Why Buy Organic?
We believe that everyone benefits and the overall health of the environment is improved when less toxic pesticides, herbicides, fungicides and chemical fertilizers are used to grow food. It’s a very easy conclusion to reach. Yet for many farmers and consumers, organic production is so much more than the absence of toxic and persistent synthetic pesticides.
Growing organic food means more than just farming without toxic persistent pesticides and other chemicals. It’s about farmers meeting stringent government-regulated standards for organic production. It’s about choosing agricultural practices that keep our soil healthy, our water clean and our animals happy. And most importantly, providing better tasting, nutrient rich food.
Organic is about the use of humane standards for animals, increasing biodiversity on farms and in nature, and fostering resilient and adaptable plants and soils that reduce our carbon footprint. In addition to all these things, consumers who choose “certified organic” know that they are getting products that do not use GMOs, artificial colours, synthetic additives or flavours.
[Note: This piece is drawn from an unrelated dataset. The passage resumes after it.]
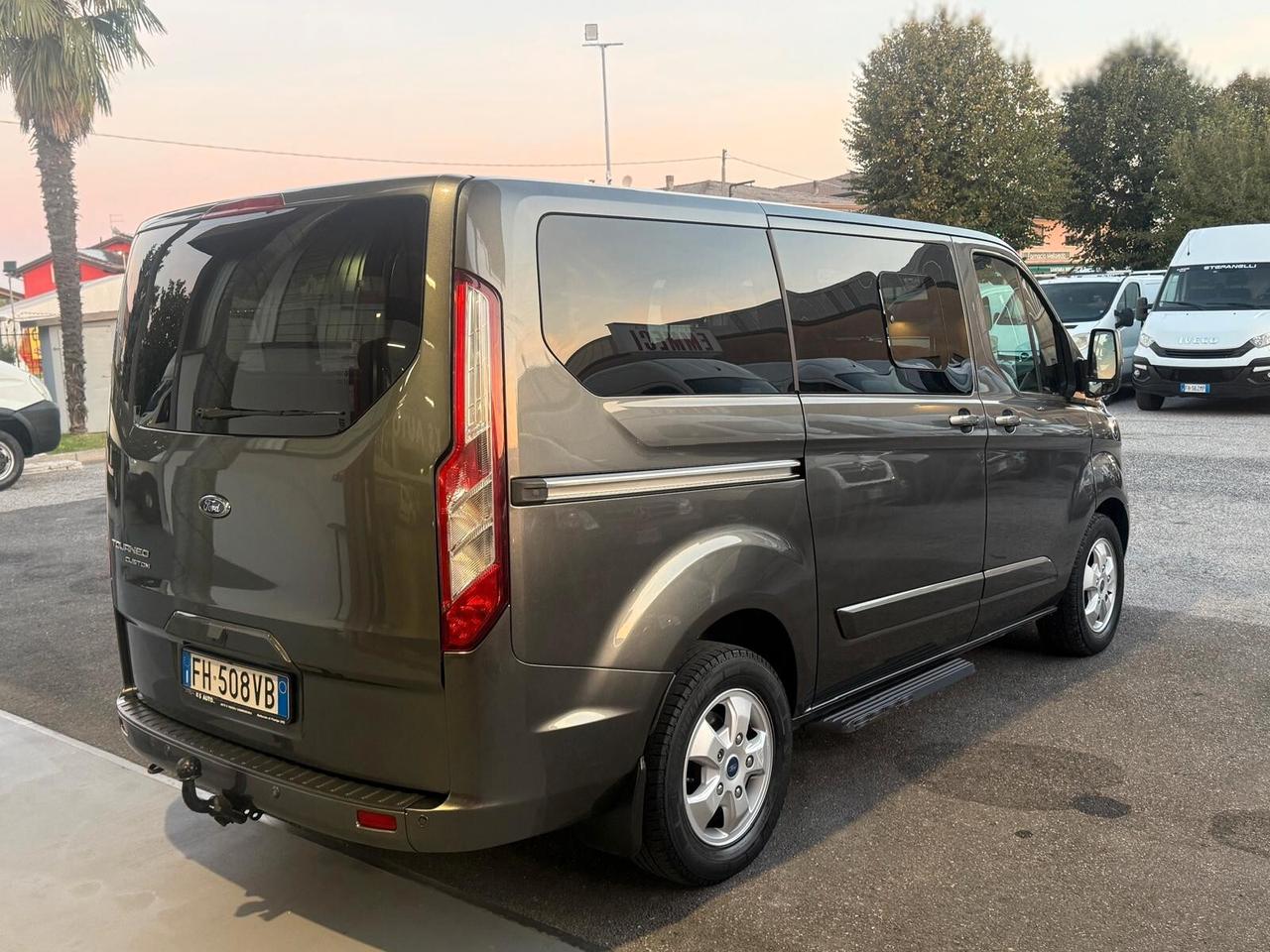 Ford Tourneo Custom 310 2.0 TDCi 170CV automatico 9 posti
Organic is simply a great choice.
When you use products that are grown and made organically you help:
- Save the energy it takes to produce synthetic fertilizers and cut pollution
- Protect farm workers health and help keep a healthy environment for wildlife
- Prevent genetically modified organisms from flooding food supplies
- Keep carcinogens found in most herbicides and pesticides out of our water systems
- Support a true economy without hidden costs of subsidies and environmental damage
- Promote biodiversity and ecological sustainability
- Increase international demand for organic products and help small and local organic farmers
- Motivate farmers to embrace sustainable agricultural practices
Is Organic Food More Nutritious?
The comparison between organic and conventionally grown food is often complicated by different factors such as growing conditions and post-harvest storage. Growing conditions and variables like soil minerals, water, light and heat units as well as pressure from insects or microorganisms, can affect the nutritional value of plant crops, according to food scientist Dr. Alyson Mitchell at University of California at Davis.
Dr. Virginia Worthington published a study that appeared in the Journal of Alternative and Complementary Medicine in 2001. Her conclusions were that organic vegetables, fruits and grains contain 27 percent more Vitamin C than conventional produce; 21 percent more iron; 29 percent more magnesium; 13 percent more phosphorus; and 15 percent fewer nitrates. Other studies have found that, except for lower levels of pesticides in organic foods, there are few nutritional differences between the two types of produce.